Since \(\mu >\uplambda \), the processes \(\{Y^{i}_t, t\in \mathbb {Z}_+\},i=1,2\) are irreducible positive recurrent Markov chains. Moreover, the two processes \(\{Y^{1}_t, t \in \mathbb {Z}_+ \}\) and \(\{Y^{2}_t, t\in \mathbb {Z}_+\}\) have the same stationary distribution, denoted by \(\pi ^{g_0}\).
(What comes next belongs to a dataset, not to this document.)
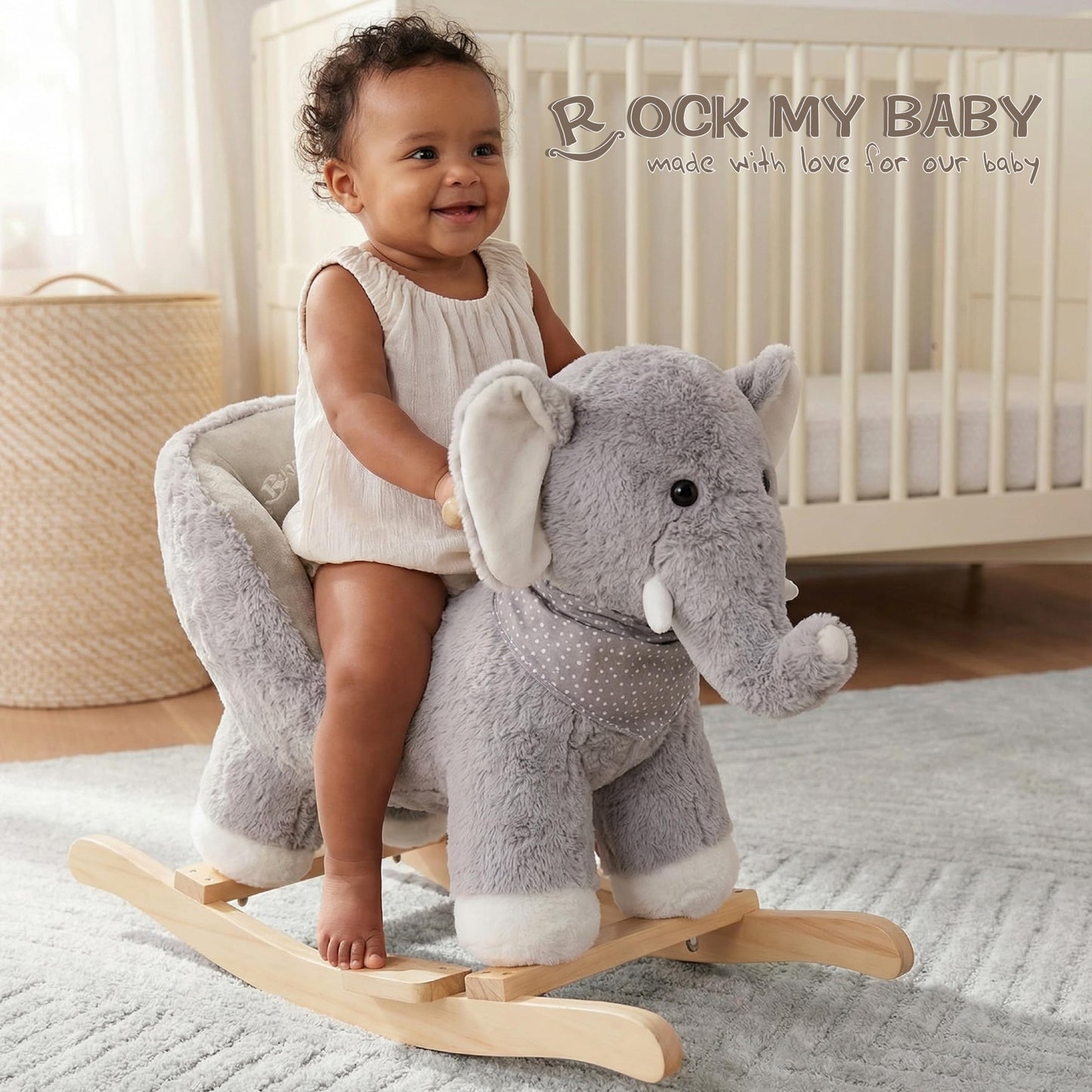 Baby Rocking Elephant, Plush Toddler Rocker with Music & Safety Seat, Sturdy Wooden Ride-On Toy for 1-3 Years, Soft Animal Rocking Horse, CPC Certified (Gray Elephant)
Under Assumption 2, by Ergodic theorem of Markov chains (see (Bremaud (1999), chap. 3)) we get

$$\begin{aligned} \lim _{T \rightarrow \infty } \frac{1}{T} \sum _{t=0}^{T-1}c(Y^{1}_t) = \lim _{T \rightarrow \infty } \frac{1}{T}\sum _{t=0}^{T-1}c(Y^{2}_t) = \sum _{x=0}^{\infty } \pi ^{g_0}(x) c(x)\quad a.s. \end{aligned}$$
(168)

Let \(W^i_T(Y_{0:T-1}) := \frac{1}{T}\sum _{t=0}^{T-1}c(Y^{i}_t), i=1,2\).

We show that \(\{W^i_T(Y_{0:T-1}) , T=1,2,\dots \}\) is uniformly integrable for \(i=1,2\). That is,

$$\begin{aligned} \sup _{T} \mathbf {E}\left[ W^i_T(Y_{0:T-1}) 1_{\{W^i_T(Y_{0:T-1}) >N\}} \right] \rightarrow 0 \end{aligned}$$
(169)

as \(N\rightarrow \infty \).

Let \(p^{g_0}(x,y),x,y\in \mathbb {Z}_+\) be the transition probabilities of the Markov chain. Note that the initial PMF of the process \(\{Y^{i}_t, t\in \mathbb {Z}_+\},i=1,2\) is \(\pi ^i_0\). From Assumption 2 we know that \(\pi ^i_0(x)=0,i=1,2\) for all \(x>M\).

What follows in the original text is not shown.